### Exercise
Going down the listing below, print exactly each line from the one with "Sukieneczka niemowlęca" up to and including the one with "H+ Hotel 4Youth - Bild 1", and skip the rest.

:: Data to examine ::

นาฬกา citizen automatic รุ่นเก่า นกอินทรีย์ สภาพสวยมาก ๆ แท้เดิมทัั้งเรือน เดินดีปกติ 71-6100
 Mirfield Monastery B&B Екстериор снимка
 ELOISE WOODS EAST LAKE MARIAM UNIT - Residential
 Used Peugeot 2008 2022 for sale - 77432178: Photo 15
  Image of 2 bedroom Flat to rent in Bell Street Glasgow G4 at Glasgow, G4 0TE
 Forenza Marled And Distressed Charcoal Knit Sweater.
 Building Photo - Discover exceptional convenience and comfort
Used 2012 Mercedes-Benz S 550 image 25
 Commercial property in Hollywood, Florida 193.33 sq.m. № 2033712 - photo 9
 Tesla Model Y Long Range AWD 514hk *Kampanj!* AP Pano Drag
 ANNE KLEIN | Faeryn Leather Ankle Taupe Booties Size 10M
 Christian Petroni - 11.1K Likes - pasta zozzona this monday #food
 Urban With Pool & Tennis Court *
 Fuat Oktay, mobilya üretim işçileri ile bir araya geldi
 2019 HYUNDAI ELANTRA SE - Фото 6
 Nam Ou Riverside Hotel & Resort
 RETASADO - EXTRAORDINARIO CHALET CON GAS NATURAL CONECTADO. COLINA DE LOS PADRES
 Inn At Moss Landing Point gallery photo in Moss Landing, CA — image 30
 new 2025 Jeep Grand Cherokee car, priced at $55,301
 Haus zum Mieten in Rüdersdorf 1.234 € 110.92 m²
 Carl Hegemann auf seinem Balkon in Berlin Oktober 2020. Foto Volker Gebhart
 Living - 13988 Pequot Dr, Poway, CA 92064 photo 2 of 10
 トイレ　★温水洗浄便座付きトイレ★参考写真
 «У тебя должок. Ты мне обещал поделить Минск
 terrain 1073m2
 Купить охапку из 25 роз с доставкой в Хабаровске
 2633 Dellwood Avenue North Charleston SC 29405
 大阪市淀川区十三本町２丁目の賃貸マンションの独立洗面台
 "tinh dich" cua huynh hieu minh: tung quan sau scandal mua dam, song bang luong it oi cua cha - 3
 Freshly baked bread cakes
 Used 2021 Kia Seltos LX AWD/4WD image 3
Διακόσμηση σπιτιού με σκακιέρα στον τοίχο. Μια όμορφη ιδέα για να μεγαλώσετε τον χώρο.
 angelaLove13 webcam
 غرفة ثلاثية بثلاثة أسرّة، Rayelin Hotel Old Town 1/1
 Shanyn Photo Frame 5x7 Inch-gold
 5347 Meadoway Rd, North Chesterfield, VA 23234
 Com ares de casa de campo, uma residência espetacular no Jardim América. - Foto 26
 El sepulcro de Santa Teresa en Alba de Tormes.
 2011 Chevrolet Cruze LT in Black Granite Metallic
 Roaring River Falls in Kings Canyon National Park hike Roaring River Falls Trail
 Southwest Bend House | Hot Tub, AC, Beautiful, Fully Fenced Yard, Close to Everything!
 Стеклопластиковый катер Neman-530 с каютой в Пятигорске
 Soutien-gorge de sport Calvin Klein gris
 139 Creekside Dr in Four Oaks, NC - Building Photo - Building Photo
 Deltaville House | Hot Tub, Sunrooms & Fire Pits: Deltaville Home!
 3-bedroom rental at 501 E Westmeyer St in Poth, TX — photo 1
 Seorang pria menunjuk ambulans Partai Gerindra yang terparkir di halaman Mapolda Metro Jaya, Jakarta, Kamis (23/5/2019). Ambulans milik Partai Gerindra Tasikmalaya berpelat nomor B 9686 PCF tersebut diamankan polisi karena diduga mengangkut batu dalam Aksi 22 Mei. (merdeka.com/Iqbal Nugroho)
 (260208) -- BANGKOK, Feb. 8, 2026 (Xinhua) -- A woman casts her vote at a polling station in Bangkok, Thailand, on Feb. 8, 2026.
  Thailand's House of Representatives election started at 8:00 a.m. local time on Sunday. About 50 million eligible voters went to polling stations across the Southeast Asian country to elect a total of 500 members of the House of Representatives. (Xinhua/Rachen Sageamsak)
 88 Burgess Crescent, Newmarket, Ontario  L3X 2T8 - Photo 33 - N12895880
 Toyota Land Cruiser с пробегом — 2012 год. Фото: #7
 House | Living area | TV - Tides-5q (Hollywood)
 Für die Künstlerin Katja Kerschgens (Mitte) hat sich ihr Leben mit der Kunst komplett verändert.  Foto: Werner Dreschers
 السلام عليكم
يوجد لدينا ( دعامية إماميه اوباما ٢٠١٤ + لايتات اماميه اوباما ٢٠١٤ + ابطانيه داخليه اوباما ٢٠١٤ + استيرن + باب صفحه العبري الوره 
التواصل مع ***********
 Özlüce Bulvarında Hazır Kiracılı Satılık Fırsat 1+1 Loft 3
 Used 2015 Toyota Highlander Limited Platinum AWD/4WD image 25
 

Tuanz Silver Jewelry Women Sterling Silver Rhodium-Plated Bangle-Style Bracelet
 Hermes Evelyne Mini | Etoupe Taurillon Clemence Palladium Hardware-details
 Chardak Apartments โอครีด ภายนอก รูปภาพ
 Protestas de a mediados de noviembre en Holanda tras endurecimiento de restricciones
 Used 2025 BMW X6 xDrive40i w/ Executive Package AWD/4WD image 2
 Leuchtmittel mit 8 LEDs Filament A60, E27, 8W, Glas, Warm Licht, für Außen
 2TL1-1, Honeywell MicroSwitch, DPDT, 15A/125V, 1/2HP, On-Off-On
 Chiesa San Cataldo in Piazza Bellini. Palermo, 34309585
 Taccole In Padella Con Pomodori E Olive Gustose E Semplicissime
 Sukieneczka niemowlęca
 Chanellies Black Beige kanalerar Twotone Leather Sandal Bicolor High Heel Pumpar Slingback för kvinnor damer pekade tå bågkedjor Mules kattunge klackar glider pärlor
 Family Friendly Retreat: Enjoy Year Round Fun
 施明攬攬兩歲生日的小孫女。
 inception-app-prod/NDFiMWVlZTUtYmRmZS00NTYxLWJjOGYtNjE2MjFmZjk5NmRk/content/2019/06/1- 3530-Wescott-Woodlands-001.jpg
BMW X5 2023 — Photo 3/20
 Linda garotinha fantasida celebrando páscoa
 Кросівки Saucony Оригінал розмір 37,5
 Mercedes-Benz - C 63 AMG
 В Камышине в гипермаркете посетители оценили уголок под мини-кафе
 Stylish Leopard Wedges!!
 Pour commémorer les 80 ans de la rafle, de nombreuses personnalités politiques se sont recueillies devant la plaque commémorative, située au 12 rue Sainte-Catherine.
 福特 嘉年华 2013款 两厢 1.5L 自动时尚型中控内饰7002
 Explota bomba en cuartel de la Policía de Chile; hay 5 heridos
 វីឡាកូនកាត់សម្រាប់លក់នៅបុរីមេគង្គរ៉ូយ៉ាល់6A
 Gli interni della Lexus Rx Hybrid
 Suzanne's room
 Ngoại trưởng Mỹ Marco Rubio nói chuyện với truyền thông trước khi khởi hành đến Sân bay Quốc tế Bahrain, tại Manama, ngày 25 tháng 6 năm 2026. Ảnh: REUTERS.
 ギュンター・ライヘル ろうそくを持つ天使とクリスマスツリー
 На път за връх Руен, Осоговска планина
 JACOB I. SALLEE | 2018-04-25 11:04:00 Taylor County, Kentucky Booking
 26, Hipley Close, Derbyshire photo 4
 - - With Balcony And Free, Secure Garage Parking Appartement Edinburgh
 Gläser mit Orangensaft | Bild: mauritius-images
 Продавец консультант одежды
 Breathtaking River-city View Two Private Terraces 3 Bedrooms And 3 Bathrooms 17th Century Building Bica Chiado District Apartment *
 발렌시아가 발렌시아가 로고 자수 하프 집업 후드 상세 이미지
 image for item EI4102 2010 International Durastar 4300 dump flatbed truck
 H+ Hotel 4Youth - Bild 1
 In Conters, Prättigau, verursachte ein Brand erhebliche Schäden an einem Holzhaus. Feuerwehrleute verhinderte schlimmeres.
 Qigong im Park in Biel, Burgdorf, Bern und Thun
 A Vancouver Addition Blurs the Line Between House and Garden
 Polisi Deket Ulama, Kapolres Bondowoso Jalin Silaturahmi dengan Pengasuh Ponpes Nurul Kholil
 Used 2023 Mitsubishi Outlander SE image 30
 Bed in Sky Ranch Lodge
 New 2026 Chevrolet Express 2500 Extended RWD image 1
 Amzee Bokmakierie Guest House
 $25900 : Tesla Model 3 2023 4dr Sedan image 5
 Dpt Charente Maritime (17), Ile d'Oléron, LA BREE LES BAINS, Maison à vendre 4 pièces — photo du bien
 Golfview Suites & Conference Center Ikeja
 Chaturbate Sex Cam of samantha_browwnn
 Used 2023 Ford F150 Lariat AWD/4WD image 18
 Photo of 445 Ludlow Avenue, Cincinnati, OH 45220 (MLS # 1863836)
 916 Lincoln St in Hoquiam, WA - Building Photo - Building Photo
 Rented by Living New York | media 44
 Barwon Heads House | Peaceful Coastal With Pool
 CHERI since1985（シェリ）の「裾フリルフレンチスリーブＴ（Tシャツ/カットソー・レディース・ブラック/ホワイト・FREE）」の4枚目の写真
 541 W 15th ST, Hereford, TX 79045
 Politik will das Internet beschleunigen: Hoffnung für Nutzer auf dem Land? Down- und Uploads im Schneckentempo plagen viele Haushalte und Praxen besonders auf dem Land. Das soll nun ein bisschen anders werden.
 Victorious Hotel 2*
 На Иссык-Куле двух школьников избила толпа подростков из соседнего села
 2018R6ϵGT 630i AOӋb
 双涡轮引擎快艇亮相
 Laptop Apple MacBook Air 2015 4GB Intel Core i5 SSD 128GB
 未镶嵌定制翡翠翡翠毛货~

:::

### Answer to this task
 Sukieneczka niemowlęca
 Chanellies Black Beige kanalerar Twotone Leather Sandal Bicolor High Heel Pumpar Slingback för kvinnor damer pekade tå bågkedjor Mules kattunge klackar glider pärlor
 Family Friendly Retreat: Enjoy Year Round Fun
 施明攬攬兩歲生日的小孫女。
 inception-app-prod/NDFiMWVlZTUtYmRmZS00NTYxLWJjOGYtNjE2MjFmZjk5NmRk/content/2019/06/1- 3530-Wescott-Woodlands-001.jpg
BMW X5 2023 — Photo 3/20
 Linda garotinha fantasida celebrando páscoa
 Кросівки Saucony Оригінал розмір 37,5
 Mercedes-Benz - C 63 AMG
 В Камышине в гипермаркете посетители оценили уголок под мини-кафе
 Stylish Leopard Wedges!!
 Pour commémorer les 80 ans de la rafle, de nombreuses personnalités politiques se sont recueillies devant la plaque commémorative, située au 12 rue Sainte-Catherine.
 福特 嘉年华 2013款 两厢 1.5L 自动时尚型中控内饰7002
 Explota bomba en cuartel de la Policía de Chile; hay 5 heridos
 វីឡាកូនកាត់សម្រាប់លក់នៅបុរីមេគង្គរ៉ូយ៉ាល់6A
 Gli interni della Lexus Rx Hybrid
 Suzanne's room
 Ngoại trưởng Mỹ Marco Rubio nói chuyện với truyền thông trước khi khởi hành đến Sân bay Quốc tế Bahrain, tại Manama, ngày 25 tháng 6 năm 2026. Ảnh: REUTERS.
 ギュンター・ライヘル ろうそくを持つ天使とクリスマスツリー
 На път за връх Руен, Осоговска планина
 JACOB I. SALLEE | 2018-04-25 11:04:00 Taylor County, Kentucky Booking
 26, Hipley Close, Derbyshire photo 4
 - - With Balcony And Free, Secure Garage Parking Appartement Edinburgh
 Gläser mit Orangensaft | Bild: mauritius-images
 Продавец консультант одежды
 Breathtaking River-city View Two Private Terraces 3 Bedrooms And 3 Bathrooms 17th Century Building Bica Chiado District Apartment *
 발렌시아가 발렌시아가 로고 자수 하프 집업 후드 상세 이미지
 image for item EI4102 2010 International Durastar 4300 dump flatbed truck
 H+ Hotel 4Youth - Bild 1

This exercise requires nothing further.